Somewhat surprisingly, there's still plenty of v-instruction time left - even the longest of these takes only 119 samples of the 331 available. So the routine actually ends up using only about 87% of the available time (less when just scrolling slowly without printing any extra characters). Getting the routine to do more is tricky, though - using more than 4 bytes per 20ms frame for the non-song stuff would probably involve moving through the song data at a non-integer number of segments per frame. Also, the fact that the only persistent registers available to v-instructions are ES and AH (though AL and BX can be stomped) makes writing new v-instructions tricky. More can certainly be done, though.

You might notice that the "mov cl,99" instruction directly follows the instruction that patches it ("pop word[cs:bx]"). This means that the 8088 will execute the unpatched version of the instruction (as it's already in the prefetch queue by the time it's patched). The v-instruction program generation macros take this into account. In theory this instruction could be anywhere between the "loop v" instruction and the "jmp loopTop" instruction, but in practice if I put it anywhere except where it is, the routine ends up taking more than 288 CPU cycles. For debugging in DOSBox (which executes the patched version) I have a debug switch which moves the instruction before the pop (the timing is wrong on DOSBox anyway, but I can at least test functional changes that way). Debugging is still tricky, though - breakpoints don't work so well when your entire program is executed from the same 15 byte memory region!

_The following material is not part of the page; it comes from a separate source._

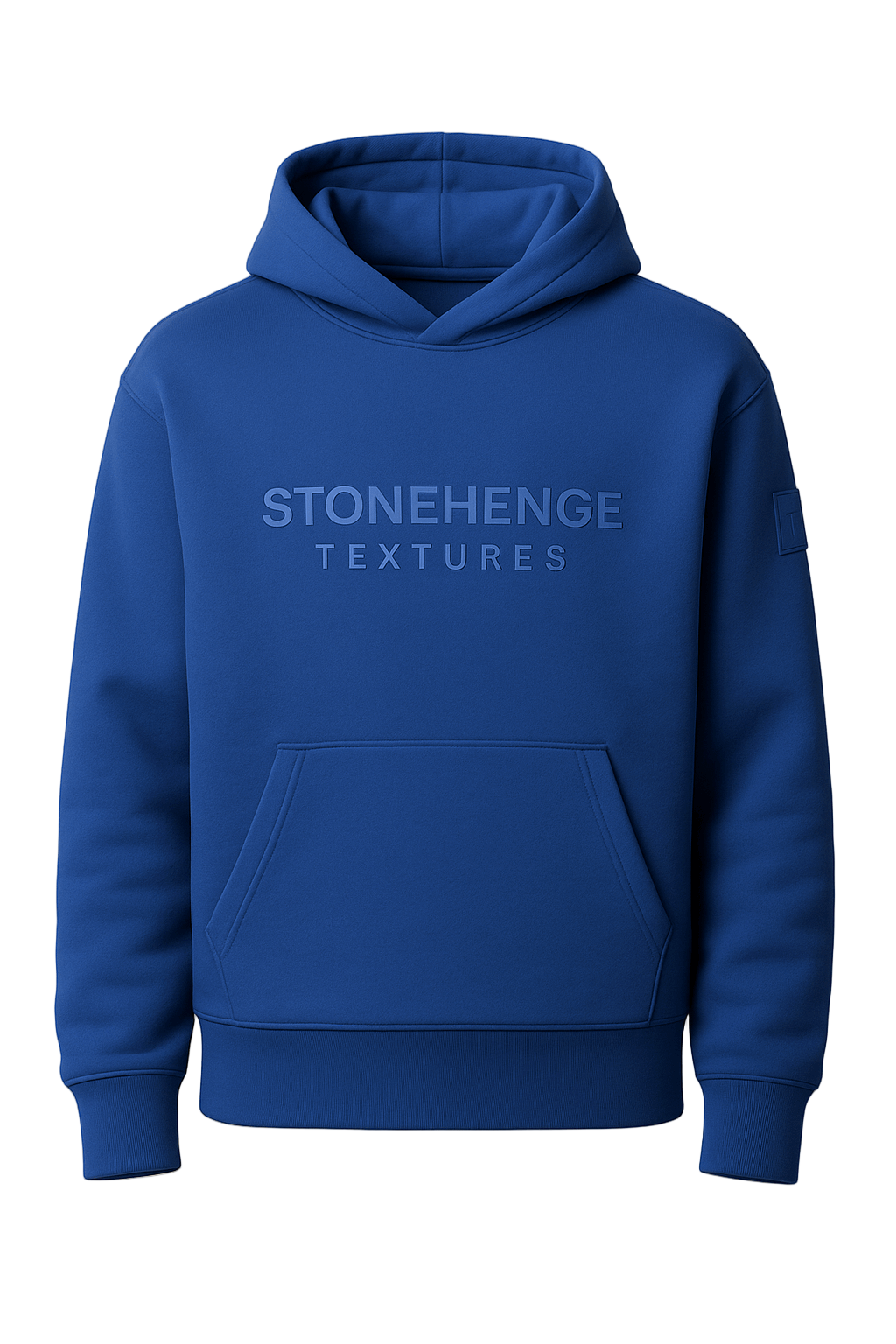 Stonehenge Textures Royal Blue Premium Hoodie Minimalist Luxury Unisex Streetwear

Some pre-processing of the source .mod file is performed on a modern computer before transferring it to the old PC - resampling the looping samples to 256 bytes and changing the note and effect data into frequencies and waveform numbers in the 800 bytes per second format. The .mod interpreter is based on a older version of PT2PLAY. The source is here and there is a compiled binary for Win32 here. Only mode 1 works at present. All Protracker effects should work with the exception of 9xx (set sample offset), E0x (hardware filter), E9x (retrigger) and CIA timer modes. The latter could be accomplished to some extent by adjusting the number of samples per tick.

As well as generating the data for the routine, mod_convert generates a .wav so that musicians can hear how their work sounds on the PC without actually having to have one. To do this, the program generates a 1-bit waveform at 1.193MHz and then resamples it to 44.1kHz, so even the high frequency carrier wave is reproduced. It's essentially a little emulator of the PC speaker circuit.

One nice feature of this routine that I didn't find a way to use in "8088 MPH" is ring modulation. If the second "mov bl,99" instruction is patched to be "mov bl,al" then the output from the first channel is used as the second channel's waveform number. If the waveform numbers in slots 1..18 are all the same basic waveform multiplied by a suitable set of amplitudes, then the output of the second channel is ring modulated by the first!

One other nice little finishing touch with the credits part is the way that it exits to DOS at the end, with the "A:\>_" prompt right after. This is a fully functioning DOS prompt, not a mockup. The idea is that the "What can you do?" line is immediately followed by the prompt to actually do it! In order to get this to work, the screen had to be in the "unscrolled" location at when the demo exits (DOS and the BIOS scroll the screen by shifting video RAM data, not by changing the CRTC start address). That's easy enough then, just subtract the number of character positions that we scroll from 8192 and program that value into the start address initially. We also need to move our initial write pointer and VileR's awesome background 40-column ANSI art so that they start in the right place. I accomplished this without needing to add code to handle wrapping, by taking advantage of the fact that the CGA ignores address bit 14, causing physical addresses 0xB8000-0xBBFFF to be mirrored in the address range 0xBC000-0xBFFFF. This turns out to be another emulator-breaking change, though (at least in DOSBox)!

The source for the player itself can be found on my github.